If I restore this one, do I go back to stock?


----------



## coderunknown (Jun 4, 2011)

i think so. at least better than using KDZ bricker updater


----------



## Gollum (Jun 4, 2011)

Sam said:


> i think so. at least better than using KDZ bricker updater



hey I updated using kdz. calling it bricker is a very noobish thing to say.


----------



## coderunknown (Jun 4, 2011)

i downgraded using kdz. have you seen the number of mobiles getting bricked? for simply not turning off lge modem, ppls are killing their optimus ones.


----------



## rockstarmpm (Jun 5, 2011)

hmm ok.


dreatica said:


> what about downloading the stock rom nandroid ?
> 
> Multiupload.com - upload your files to multiple file hosting sites!
> 
> Its Indian Version 10b. Android 2.2


I think Android OS in O1 has ID too, so in time of warranty, they may check that too. Correct me if I am wrong.


----------



## coderunknown (Jun 5, 2011)

IMEI no may cause problem.


----------



## dreatica (Jun 5, 2011)

AndroidFan said:


> If I restore this one, do I go back to stock?



Yes  Its backup of nandroid of original rom which is factory reset. 



rockstarmpm said:


> hmm ok.
> 
> I think Android OS in O1 has ID too, so in time of warranty, they may check that too. Correct me if I am wrong.



No  If you restore the original rom, no recovery they cant check anyway if u have ever used any recovery/custom rom


----------



## coderunknown (Jun 5, 2011)

@dreatica, are you sure about restoring backup will remove recovery? flashing a rom using KDZ will remove but restoring a rom. kind of odd.


----------



## dreatica (Jun 5, 2011)

Sam said:


> @dreatica, are you sure about restoring backup will remove recovery? flashing a rom using KDZ will remove but restoring a rom. kind of odd.
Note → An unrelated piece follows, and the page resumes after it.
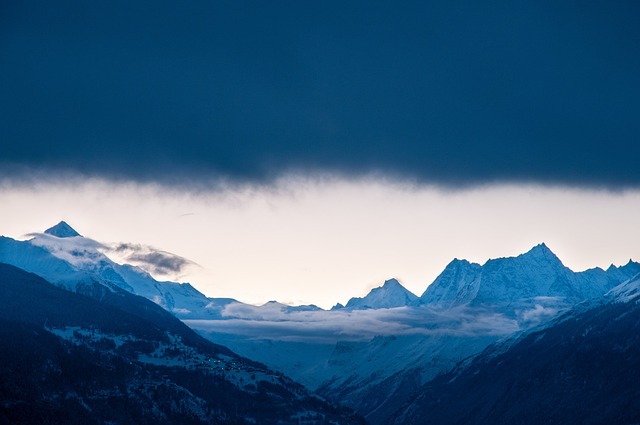 阿尔卑斯山 山 峰 - 上的免费照片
yes you are right, i meant if u flash rom by kdz- it will erase recovery. sorry for bad selection of words, using ph, I wish digit support tapatalk.


----------



## coderunknown (Jun 5, 2011)

so restore then flash stock recovery (thankfully i have the image file of stock recovery).
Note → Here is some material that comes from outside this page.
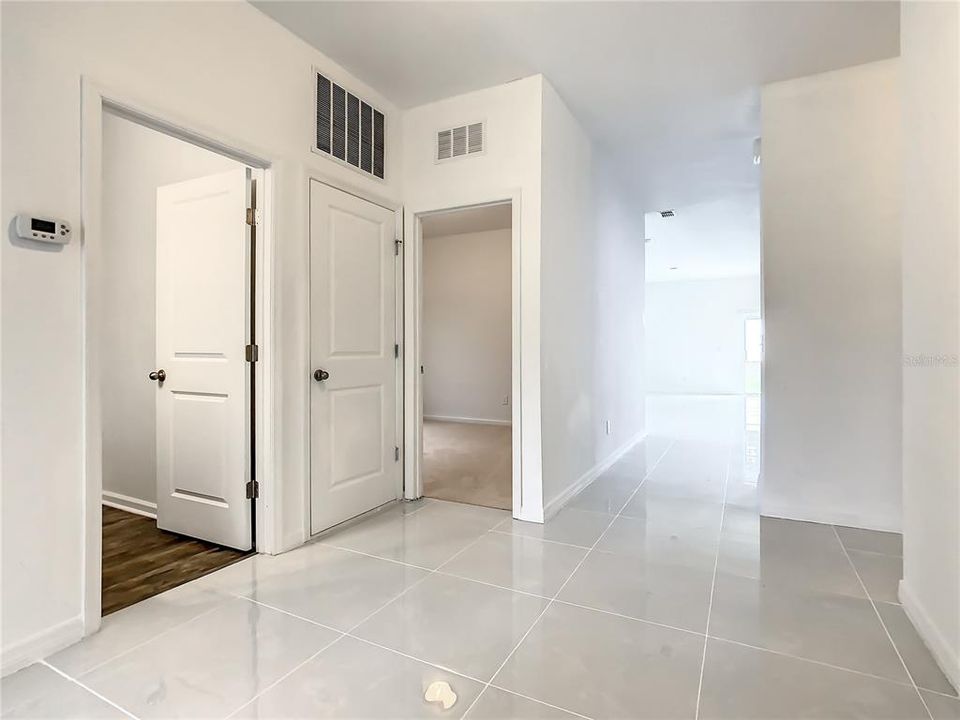 For Sale: $285,000 (4 beds, 2 baths, 1929 Square Feet)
ico told he mailed TDF management about tapatalk. i don't think they replied back.


----------



## rockstarmpm (Jun 6, 2011)

I have a doubt- If I backup with clockworkmod, it only backup the ROM or full Android?


----------



## coderunknown (Jun 6, 2011)

Rom = full android. backup includes Android & all the games & apps. along with msg and contacts. not sure if the games saved in SD card will be backed up well.
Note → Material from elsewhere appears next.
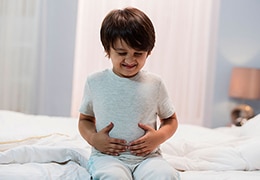 बच्चों में कब्ज़ की परेशानी : उन्हें क्या खिलाना चाहिए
but then backing up ROM using clockworkmod may trigger that fastboot problem. is the problem fixed?


----------



## rockstarmpm (Jun 6, 2011)

Sam said:


> Rom = full android. backup includes Android & all the games & apps. along with msg and contacts. not sure if the games saved in SD card will be backed up well.
> 
> but then backing up ROM using clockworkmod may trigger that fastboot problem. is the problem fixed?



yeah, that problem fixed


----------